# Given information:
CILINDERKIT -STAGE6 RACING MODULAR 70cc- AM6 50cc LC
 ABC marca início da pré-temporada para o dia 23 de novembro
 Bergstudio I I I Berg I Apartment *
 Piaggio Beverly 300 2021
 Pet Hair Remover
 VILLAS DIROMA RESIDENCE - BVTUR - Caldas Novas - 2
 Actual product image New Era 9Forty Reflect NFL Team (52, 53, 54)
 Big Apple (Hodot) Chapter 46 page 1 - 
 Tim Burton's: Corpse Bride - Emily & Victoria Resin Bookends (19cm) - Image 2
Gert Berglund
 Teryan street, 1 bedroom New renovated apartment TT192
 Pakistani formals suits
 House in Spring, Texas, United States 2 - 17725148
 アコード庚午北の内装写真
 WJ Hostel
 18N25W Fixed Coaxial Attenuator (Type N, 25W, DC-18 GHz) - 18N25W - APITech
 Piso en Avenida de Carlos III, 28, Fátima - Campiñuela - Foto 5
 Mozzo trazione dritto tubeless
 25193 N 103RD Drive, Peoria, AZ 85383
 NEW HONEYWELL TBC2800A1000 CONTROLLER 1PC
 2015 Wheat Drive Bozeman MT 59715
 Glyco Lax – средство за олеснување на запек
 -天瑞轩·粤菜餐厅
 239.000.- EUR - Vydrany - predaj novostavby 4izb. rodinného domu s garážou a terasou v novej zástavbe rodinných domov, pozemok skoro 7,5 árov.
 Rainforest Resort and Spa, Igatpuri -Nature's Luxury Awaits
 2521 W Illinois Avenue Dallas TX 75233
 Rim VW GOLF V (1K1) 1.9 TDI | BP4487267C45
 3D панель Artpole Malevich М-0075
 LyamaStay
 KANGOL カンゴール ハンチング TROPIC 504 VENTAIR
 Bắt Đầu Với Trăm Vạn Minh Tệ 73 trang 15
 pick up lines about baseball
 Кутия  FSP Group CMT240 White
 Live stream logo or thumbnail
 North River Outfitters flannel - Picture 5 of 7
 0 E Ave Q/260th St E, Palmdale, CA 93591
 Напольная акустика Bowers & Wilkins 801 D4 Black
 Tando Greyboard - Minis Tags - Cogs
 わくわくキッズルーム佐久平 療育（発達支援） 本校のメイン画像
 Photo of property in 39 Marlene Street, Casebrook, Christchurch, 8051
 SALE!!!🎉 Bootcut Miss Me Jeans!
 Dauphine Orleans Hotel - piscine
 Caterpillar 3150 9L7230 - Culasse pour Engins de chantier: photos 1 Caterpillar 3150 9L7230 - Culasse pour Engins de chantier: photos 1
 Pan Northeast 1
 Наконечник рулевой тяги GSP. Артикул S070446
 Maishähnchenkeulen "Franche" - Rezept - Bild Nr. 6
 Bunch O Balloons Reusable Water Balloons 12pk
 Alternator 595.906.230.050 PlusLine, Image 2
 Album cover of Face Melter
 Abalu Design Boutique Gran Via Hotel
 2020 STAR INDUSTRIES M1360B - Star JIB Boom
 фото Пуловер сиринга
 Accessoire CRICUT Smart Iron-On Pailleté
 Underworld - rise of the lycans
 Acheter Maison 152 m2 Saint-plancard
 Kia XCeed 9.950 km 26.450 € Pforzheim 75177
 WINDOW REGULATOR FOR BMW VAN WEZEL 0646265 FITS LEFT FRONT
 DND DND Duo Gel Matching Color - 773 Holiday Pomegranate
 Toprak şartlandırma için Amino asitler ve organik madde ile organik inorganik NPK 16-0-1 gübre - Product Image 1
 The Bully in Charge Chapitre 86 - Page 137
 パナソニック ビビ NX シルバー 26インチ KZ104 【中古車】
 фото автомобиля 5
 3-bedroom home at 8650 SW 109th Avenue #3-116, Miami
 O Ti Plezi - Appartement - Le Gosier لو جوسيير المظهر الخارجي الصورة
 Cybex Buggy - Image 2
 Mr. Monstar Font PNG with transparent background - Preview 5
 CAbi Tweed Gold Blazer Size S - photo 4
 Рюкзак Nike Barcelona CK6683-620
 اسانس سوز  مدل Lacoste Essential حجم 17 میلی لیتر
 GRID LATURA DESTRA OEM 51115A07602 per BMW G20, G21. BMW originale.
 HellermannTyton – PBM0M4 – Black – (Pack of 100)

# How to complete this task:
The data above should be returned in full, exactly as written.

# Answer to the problem:
CILINDERKIT -STAGE6 RACING MODULAR 70cc- AM6 50cc LC
 ABC marca início da pré-temporada para o dia 23 de novembro
 Bergstudio I I I Berg I Apartment *
 Piaggio Beverly 300 2021
 Pet Hair Remover
 VILLAS DIROMA RESIDENCE - BVTUR - Caldas Novas - 2
 Actual product image New Era 9Forty Reflect NFL Team (52, 53, 54)
 Big Apple (Hodot) Chapter 46 page 1 - 
 Tim Burton's: Corpse Bride - Emily & Victoria Resin Bookends (19cm) - Image 2
Gert Berglund
 Teryan street, 1 bedroom New renovated apartment TT192
 Pakistani formals suits
 House in Spring, Texas, United States 2 - 17725148
 アコード庚午北の内装写真
 WJ Hostel
 18N25W Fixed Coaxial Attenuator (Type N, 25W, DC-18 GHz) - 18N25W - APITech
 Piso en Avenida de Carlos III, 28, Fátima - Campiñuela - Foto 5
 Mozzo trazione dritto tubeless
 25193 N 103RD Drive, Peoria, AZ 85383
 NEW HONEYWELL TBC2800A1000 CONTROLLER 1PC
 2015 Wheat Drive Bozeman MT 59715
 Glyco Lax – средство за олеснување на запек
 -天瑞轩·粤菜餐厅
 239.000.- EUR - Vydrany - predaj novostavby 4izb. rodinného domu s garážou a terasou v novej zástavbe rodinných domov, pozemok skoro 7,5 árov.
 Rainforest Resort and Spa, Igatpuri -Nature's Luxury Awaits
 2521 W Illinois Avenue Dallas TX 75233
 Rim VW GOLF V (1K1) 1.9 TDI | BP4487267C45
 3D панель Artpole Malevich М-0075
 LyamaStay
 KANGOL カンゴール ハンチング TROPIC 504 VENTAIR
 Bắt Đầu Với Trăm Vạn Minh Tệ 73 trang 15
 pick up lines about baseball
 Кутия  FSP Group CMT240 White
 Live stream logo or thumbnail
 North River Outfitters flannel - Picture 5 of 7
 0 E Ave Q/260th St E, Palmdale, CA 93591
 Напольная акустика Bowers & Wilkins 801 D4 Black
 Tando Greyboard - Minis Tags - Cogs
 わくわくキッズルーム佐久平 療育（発達支援） 本校のメイン画像
 Photo of property in 39 Marlene Street, Casebrook, Christchurch, 8051
 SALE!!!🎉 Bootcut Miss Me Jeans!
 Dauphine Orleans Hotel - piscine
 Caterpillar 3150 9L7230 - Culasse pour Engins de chantier: photos 1 Caterpillar 3150 9L7230 - Culasse pour Engins de chantier: photos 1
 Pan Northeast 1
 Наконечник рулевой тяги GSP. Артикул S070446
 Maishähnchenkeulen "Franche" - Rezept - Bild Nr. 6
 Bunch O Balloons Reusable Water Balloons 12pk
 Alternator 595.906.230.050 PlusLine, Image 2
 Album cover of Face Melter
 Abalu Design Boutique Gran Via Hotel
 2020 STAR INDUSTRIES M1360B - Star JIB Boom
 фото Пуловер сиринга
 Accessoire CRICUT Smart Iron-On Pailleté
 Underworld - rise of the lycans
 Acheter Maison 152 m2 Saint-plancard
 Kia XCeed 9.950 km 26.450 € Pforzheim 75177
 WINDOW REGULATOR FOR BMW VAN WEZEL 0646265 FITS LEFT FRONT
 DND DND Duo Gel Matching Color - 773 Holiday Pomegranate
 Toprak şartlandırma için Amino asitler ve organik madde ile organik inorganik NPK 16-0-1 gübre - Product Image 1
 The Bully in Charge Chapitre 86 - Page 137
 パナソニック ビビ NX シルバー 26インチ KZ104 【中古車】
 фото автомобиля 5
 3-bedroom home at 8650 SW 109th Avenue #3-116, Miami
 O Ti Plezi - Appartement - Le Gosier لو جوسيير المظهر الخارجي الصورة
 Cybex Buggy - Image 2
 Mr. Monstar Font PNG with transparent background - Preview 5
 CAbi Tweed Gold Blazer Size S - photo 4
 Рюкзак Nike Barcelona CK6683-620
 اسانس سوز  مدل Lacoste Essential حجم 17 میلی لیتر
 GRID LATURA DESTRA OEM 51115A07602 per BMW G20, G21. BMW originale.
 HellermannTyton – PBM0M4 – Black – (Pack of 100)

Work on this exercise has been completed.